Error in md = ColumnarModelData.from_data_frame()


#1

having an error with
md = ColumnarModelData.from_data_frame(PATH, val_idx, df, yl.astype(np.float32), cat_flds=cat_vars, bs=128, test_df=df_test)

-------------------------------------------------------
TypeError Traceback (most recent call last)
in ()
_ 1 md = ColumnarModelData.from_data_frame(PATH, val_idx, df, yl.astype(np.float32), cat_flds=cat_vars, bs=128,_
----> 2 test_df=df_test)
_ 3 _
_ 4 #md = ColumnarModelData.from_data_frame(PATH, val_idx, df, yl.astype(np.float32), cat_flds=cat_vars, bs=128)_

~/fastai/courses/dl1/fastai/column_data.py in from_data_frame(cls, path, val_idxs, df, y, cat_flds, bs, is_reg, test_df)
_ 68 def from_data_frame(cls, path, val_idxs, df, y, cat_flds, bs, is_reg=True, test_df=None):_
_ 69 ((val_df, trn_df), (val_y, trn_y)) = split_by_idx(val_idxs, df, y)_
—> 70 return cls.from_data_frames(path, trn_df, val_df, trn_y, val_y, cat_flds, bs, is_reg, test_df=test_df)
_ 71 _
_ 72 def get_learner(self, emb_szs, n_cont, emb_drop, out_sz, szs, drops,_

~/fastai/courses/dl1/fastai/column_data.py in from_data_frames(cls, path, trn_df, val_df, trn_y, val_y, cat_flds, bs, is_reg, test_df)
_ 61 @classmethod_
_ 62 def from_data_frames(cls, path, trn_df, val_df, trn_y, val_y, cat_flds, bs, is_reg, test_df=None):_
—> 63 test_ds = ColumnarDataset.from_data_frame(test_df, cat_flds, is_reg) if test_df is not None else None
_ 64 return cls(path, ColumnarDataset.from_data_frame(trn_df, cat_flds, trn_y, is_reg),_
_ 65 ColumnarDataset.from_data_frame(val_df, cat_flds, val_y, is_reg), bs, test_ds=test_ds)_

~/fastai/courses/dl1/fastai/column_data.py in from_data_frame(cls, df, cat_flds, y, is_reg)
_ 43 @classmethod_
_ 44 def from_data_frame(cls, df, cat_flds, y=None, is_reg=True):_
—> 45 return cls.from_data_frames(df[cat_flds], df.drop(cat_flds, axis=1), y, is_reg)
_ 46 _
_ 47 _

~/fastai/courses/dl1/fastai/column_data.py in from_data_frames(cls, df_cat, df_cont, y, is_reg)
_ 39 cat_cols = [c.values for n,c in df_cat.items()]_
_ 40 cont_cols = [c.values for n,c in df_cont.items()]_
—> 41 return cls(cat_cols, cont_cols, y, is_reg)
_ 42 _
_ 43 @classmethod_

~/fastai/courses/dl1/fastai/column_data.py in init(self, cats, conts, y, is_reg)
_ 27 self.y = np.zeros((n,1)) if y is None else y_
_ 28 if is_reg:_
—> 29 self.y = self.y[:,None]
_ 30 self.is_reg = is_reg_
_ 31 _

TypeError: ‘bool’ object is not subscriptable

from the rossmann notebook.
the problem does not appear i am not using the “test_df=df_test” part and when checking the classes of the df_test there seems to be no problem.

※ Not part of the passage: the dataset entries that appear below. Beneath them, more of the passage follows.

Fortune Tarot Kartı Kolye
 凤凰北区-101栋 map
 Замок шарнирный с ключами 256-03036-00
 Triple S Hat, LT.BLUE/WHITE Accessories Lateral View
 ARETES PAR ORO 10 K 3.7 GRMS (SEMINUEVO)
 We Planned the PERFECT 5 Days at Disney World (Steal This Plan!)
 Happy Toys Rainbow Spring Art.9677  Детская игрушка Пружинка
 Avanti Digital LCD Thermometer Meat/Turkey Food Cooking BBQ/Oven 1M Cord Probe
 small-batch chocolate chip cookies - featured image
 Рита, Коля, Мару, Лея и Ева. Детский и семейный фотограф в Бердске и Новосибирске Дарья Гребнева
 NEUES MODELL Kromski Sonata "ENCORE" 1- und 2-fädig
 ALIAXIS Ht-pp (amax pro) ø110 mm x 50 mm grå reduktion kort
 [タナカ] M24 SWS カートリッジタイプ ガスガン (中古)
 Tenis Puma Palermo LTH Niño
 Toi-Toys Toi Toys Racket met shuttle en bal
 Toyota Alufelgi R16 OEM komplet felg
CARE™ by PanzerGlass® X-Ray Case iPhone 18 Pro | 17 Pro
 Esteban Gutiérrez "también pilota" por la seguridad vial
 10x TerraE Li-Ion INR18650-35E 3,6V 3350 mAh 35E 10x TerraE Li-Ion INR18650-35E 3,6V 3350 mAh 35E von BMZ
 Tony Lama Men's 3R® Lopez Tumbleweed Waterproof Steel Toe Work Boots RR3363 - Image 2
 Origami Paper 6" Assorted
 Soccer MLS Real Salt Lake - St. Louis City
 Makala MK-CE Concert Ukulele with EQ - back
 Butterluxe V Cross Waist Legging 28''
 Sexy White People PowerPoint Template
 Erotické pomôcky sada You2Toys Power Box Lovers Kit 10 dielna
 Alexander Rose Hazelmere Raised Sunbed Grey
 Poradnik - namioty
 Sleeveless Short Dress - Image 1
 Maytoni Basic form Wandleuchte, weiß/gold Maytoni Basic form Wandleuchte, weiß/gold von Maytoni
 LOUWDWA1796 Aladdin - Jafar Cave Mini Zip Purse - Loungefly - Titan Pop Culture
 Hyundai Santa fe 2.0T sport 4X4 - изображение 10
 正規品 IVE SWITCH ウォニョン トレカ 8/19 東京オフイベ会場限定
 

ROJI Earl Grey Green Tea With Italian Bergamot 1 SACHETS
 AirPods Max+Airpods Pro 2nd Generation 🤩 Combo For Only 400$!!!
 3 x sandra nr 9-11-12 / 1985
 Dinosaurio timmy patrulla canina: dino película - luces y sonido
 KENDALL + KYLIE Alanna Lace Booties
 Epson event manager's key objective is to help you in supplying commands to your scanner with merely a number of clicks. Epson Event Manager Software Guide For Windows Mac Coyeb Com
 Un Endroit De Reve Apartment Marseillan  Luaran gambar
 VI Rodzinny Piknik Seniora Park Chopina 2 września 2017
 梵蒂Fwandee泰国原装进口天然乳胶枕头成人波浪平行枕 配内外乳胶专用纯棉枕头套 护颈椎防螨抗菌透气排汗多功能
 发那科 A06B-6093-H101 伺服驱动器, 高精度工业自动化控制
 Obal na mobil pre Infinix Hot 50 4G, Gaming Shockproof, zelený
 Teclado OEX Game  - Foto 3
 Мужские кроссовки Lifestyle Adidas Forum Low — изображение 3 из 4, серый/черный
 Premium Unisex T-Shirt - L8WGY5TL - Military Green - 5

df_test.dtypes.value_counts()
int8 21
float64 18
int16 1
dtype: int64

Any ideas?? what is the effect of the “test_df=df_test”


#2

Not sure what type of data you are using but the fastai library is not plug and play with anything as I have come to find out the hard way.
I would edit the ColumnDataSet or whatever file:

You can eliminate the is_reg if clause and just set

self.y = y

I have set the is_reg to None and False and it still has issues. Documentation or half a sentence about what this flag is? No.
Again, not know the format of your test_df but having one or not did not seem to matter in my case.

You will probably have more issues but this one should be sorted by this.
Perhaps we are looking to achieve the same goal and would be good to share if so.


#3

I’m also getting an error when using ColumnarModelData, although I’m getting a ValueError. I’m working this Kaggle competition. On inspecting the data, I believe there are no NaNs. I’m following the Rossmann notebook as a guideline. These are separate pieces of code in a Jupyter notebook, but I’ve included everything here for brevity.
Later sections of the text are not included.